### YOUR INSTRUCTIONS
The whole listing below should be printed again exactly, with no images.

--- AVAILABLE DATA Enclosed Below ---

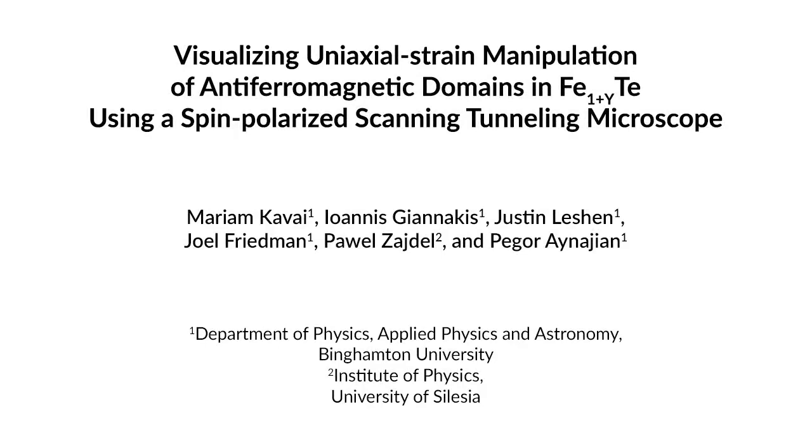This protocol is significant because it is a visualization of the integration of a uniaxial strain device with scanning tunneling microscopy. It involves both applying strain and visualizing the manipulation of structural domains in STM. The main advantage of this technique is that it allows for increased amounts of strain since it's a mechanical device, and its surface effects are able to be visualized using scanning tunneling microscopy.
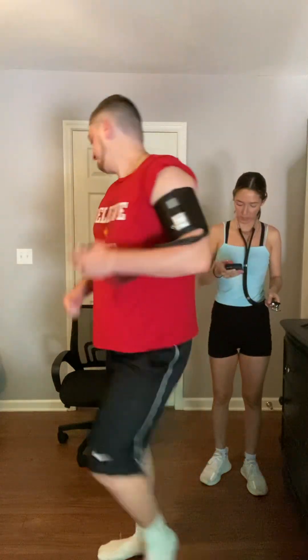30 seconds left. 10, 9, 8, 7, 6, 5, 4, 3, 2, 1. Go ahead and take a seat for me.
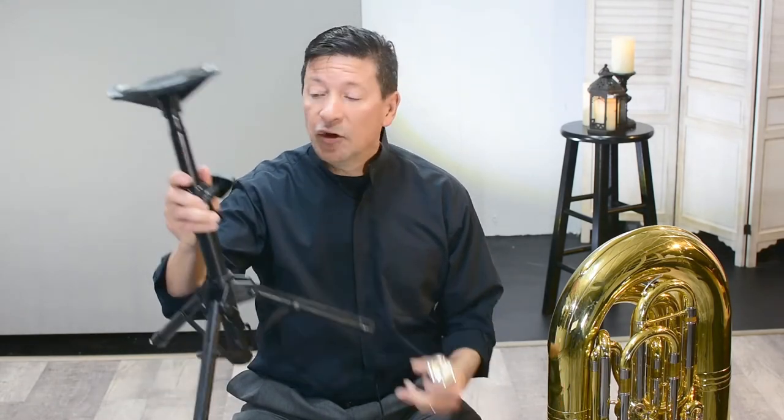Before we pick up the horn, another really helpful tool is one of these — it's a tuba tripod. You can get these from any number of online retailers or your favorite music store. This takes the weight of the horn completely off the player, which is really helpful.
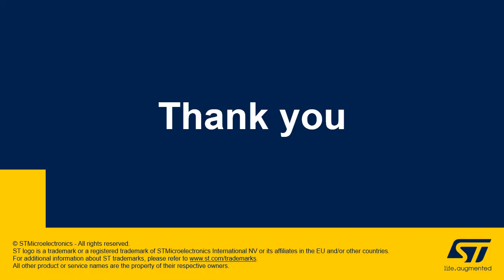So by this we come to the end of this session. I would like to thank you for your attention, and for more information please visit our webpage at st.com.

--- End of Enclosed AVAILABLE DATA ---

### RESULT FOR THIS EXERCISE
This protocol is significant because it is a visualization of the integration of a uniaxial strain device with scanning tunneling microscopy. It involves both applying strain and visualizing the manipulation of structural domains in STM. The main advantage of this technique is that it allows for increased amounts of strain since it's a mechanical device, and its surface effects are able to be visualized using scanning tunneling microscopy.
30 seconds left. 10, 9, 8, 7, 6, 5, 4, 3, 2, 1. Go ahead and take a seat for me.
Before we pick up the horn, another really helpful tool is one of these — it's a tuba tripod. You can get these from any number of online retailers or your favorite music store. This takes the weight of the horn completely off the player, which is really helpful.
So by this we come to the end of this session. I would like to thank you for your attention, and for more information please visit our webpage at st.com.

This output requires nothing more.